For scraping, the workflow installs Firecrawl and uses it to convert websites into LLM-ready markdown. After selecting a target site from the search results, Firecrawl scrapes the homepage content (truncated for readability), then a new CrewAI agent analyzes that homepage to find URLs for “about” and “contact” pages. Those pages are scraped as well, and the combined scraped text is fed into a final Anthropic call with a tight prompt instructing the model to extract email, Twitter, and LinkedIn—outputting “none” when fields aren’t found.
The result is a working end-to-end lead extractor: search → scrape → page discovery → contact extraction. The transcript closes by outlining concrete upgrades for production quality: save results to CSV, add personalized unique fields per business, run search and scraping in loops to reach exact lead counts, avoid counting leads with missing contact info, deduplicate websites, and refactor into functions so the whole process can run in a single cell. The overall message is that CrewAI plus purpose-built tools (Serper, Firecrawl, Anthropic) can assemble a usable lead engine quickly, while code-based loops and validation handle the parts where LLMs are least reliable.
Cornell Notes
CrewAI is used to build an end-to-end lead-generation pipeline from simple inputs: niche, location, and desired lead count. A “variation agent” generates 10 optimized search queries, then a “web search agent” uses Serper to find candidate websites. Firecrawl scrapes the homepage, and another agent locates “about” and “contact” page URLs so the scraper can pull the right content. Finally, an Anthropic Claude call extracts email, Twitter, and LinkedIn from the scraped text, using strict formatting rules and “none” when fields are missing. The approach matters because it turns unstructured web content into structured lead data, while also showing why loops and deduplication in code are needed for accurate counting.

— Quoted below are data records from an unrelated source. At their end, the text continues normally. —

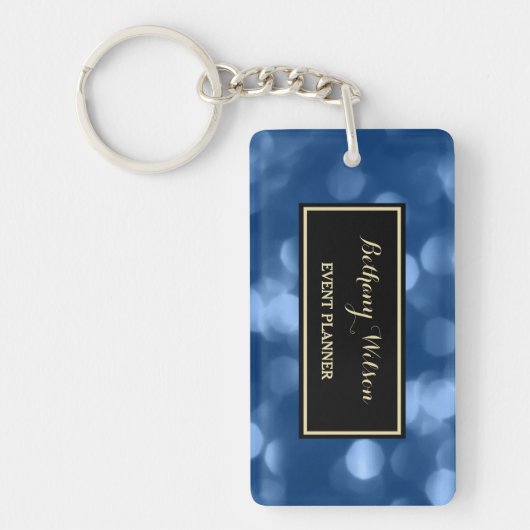 Eleganter Eventplaner Glamour Blue Luxe Bokeh Schlüsselanhänger (Vorderseite)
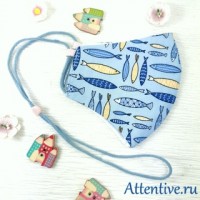 Детская гигиеническая, защитная маска, рыбки, 6-10 лет.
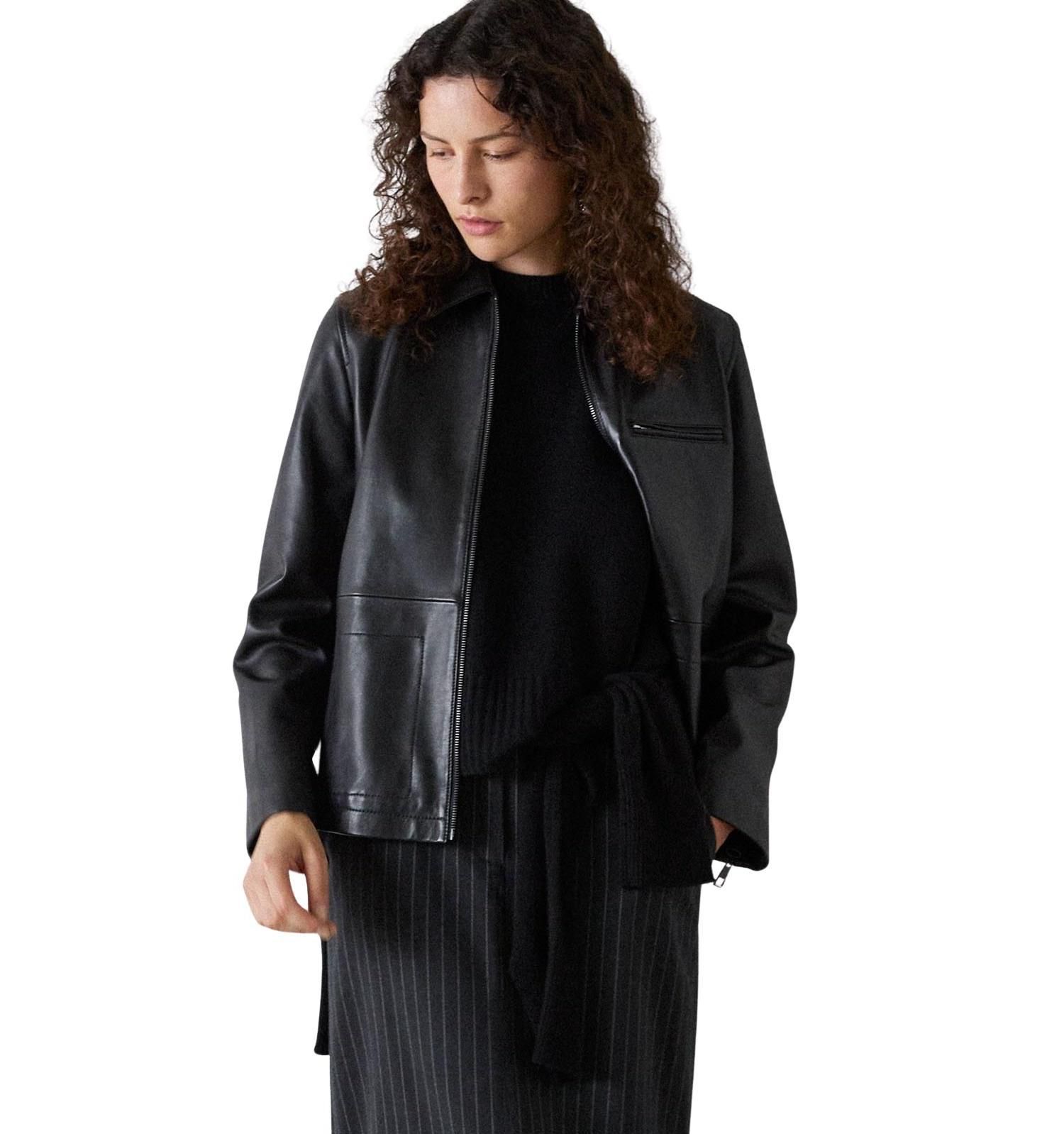 Women's Kate Zip-Front Leather Jacket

How does the pipeline turn a niche and location into search queries that are actually useful for lead finding?
Why create both “consistent” and “creative” Claude clients in the same project?
What role do Serper and CrewAI tools play after the search-query agent finishes?

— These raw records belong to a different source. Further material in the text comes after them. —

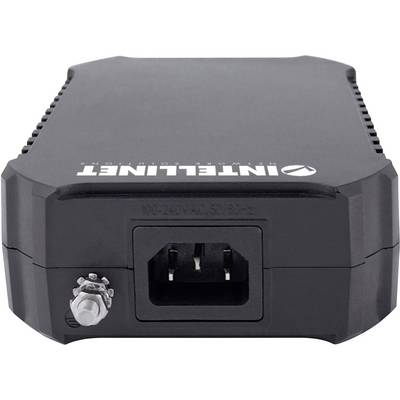 Appareil réseau noir avec logo 'INTELLINET'. Vue de face montrant un port principal de connexion et un connecteur à vis pour l'alimentation électrique.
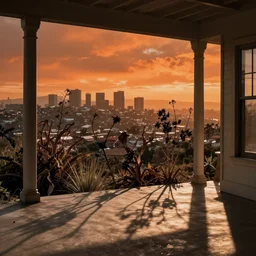 dead plants on a porch in Los Angeles, Smokey orange sky, by Emmanuel Lubezki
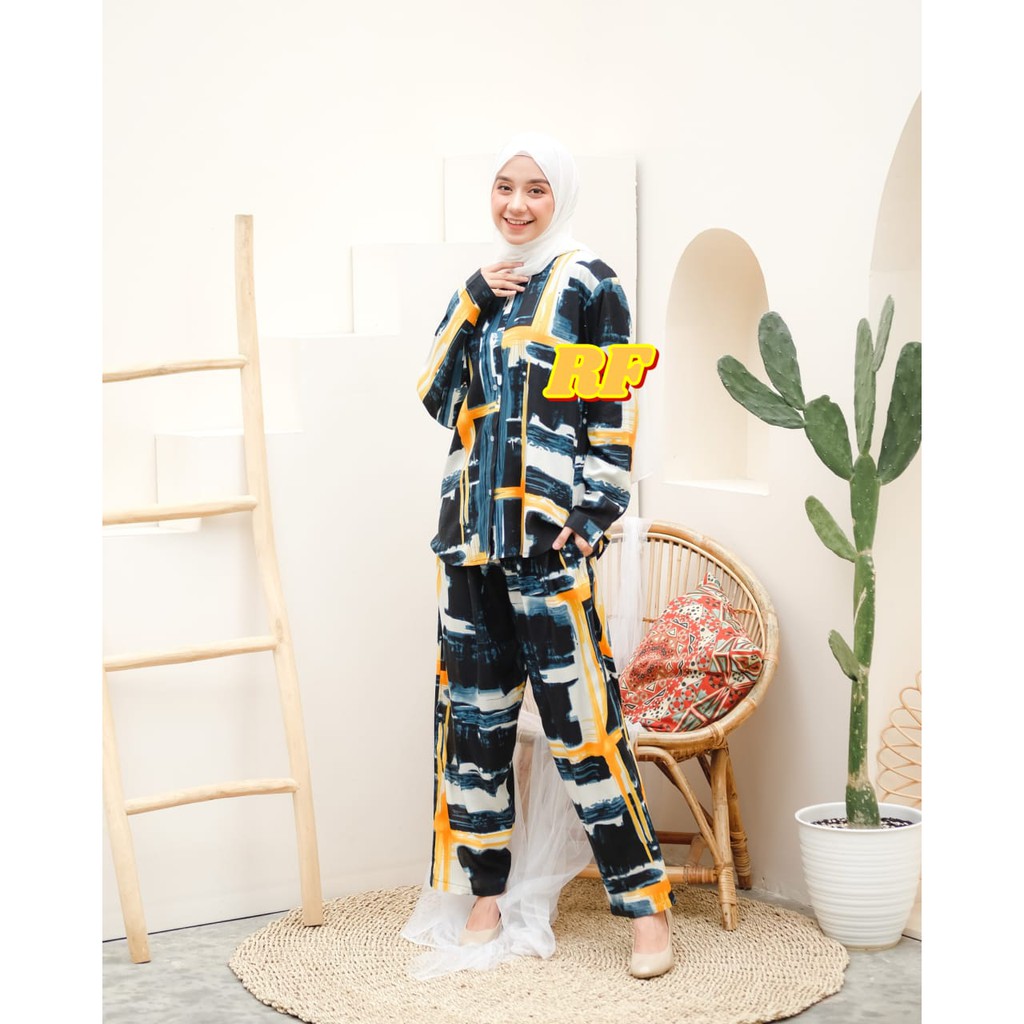 Daisy one set pajamas / motif terbaru VOL. 2 / setelan rayon premium adem /  setelan wanita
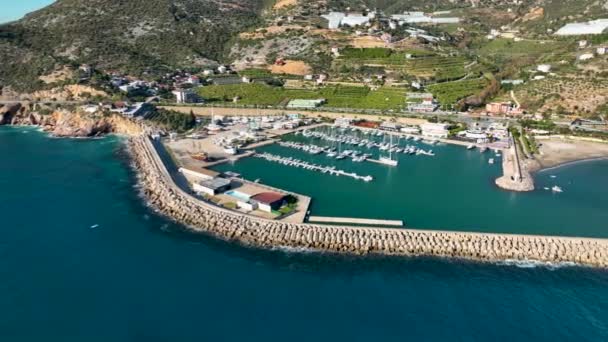 Yachts Port Aerial View Alanya Turkey — Stockvideo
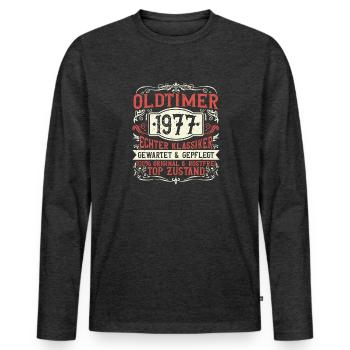 Born in 1977, born in 1977, born in 1977 - Men's Premium Organic Long Sleeve Shirt - heather anthracite - Front - Nico (187cm)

Why does the transcript warn that asking for large lead counts inside a single agent run can fail?
How does Firecrawl fit into the scraping and contact-extraction workflow?
What prompt constraints make the final contact extraction more reliable?
Review Questions
- Where in the pipeline are output-format constraints most critical, and what specific constraints are used to keep results parseable?
- What failure mode appears when trying to reach a large lead count in one agent run, and how does the proposed loop-based fix address it?
- How do the “about/contact URL discovery” and “contact field extraction” steps differ in responsibilities and prompting?
Key Points
- 1
CrewAI can orchestrate a multi-step lead pipeline: generate search queries, search the web, scrape pages, discover about/contact URLs, and extract contact fields.
- 2
Splitting Claude usage into “consistent” (temperature 0) and “creative” (higher temperature) helps balance formatting reliability with query diversity.
- 3
Tool-using agents (via CrewAI tools like SerperDev) can retrieve real web results rather than only generating text.
- 4
LLMs are unreliable at strict counting; reaching exact lead targets works better with code-driven loops, deduplication, and validation outside the agent.
- 5
Firecrawl converts websites into LLM-ready markdown, enabling reliable downstream extraction from homepage, about, and contact pages.
- 6
A tight extraction prompt (fixed field order, “none” for missing values, no extra text) improves the chance of structured outputs like email/Twitter/LinkedIn.
- 7
Turning the notebook into functions and CSV outputs is the next step toward making the pipeline reusable for real client delivery.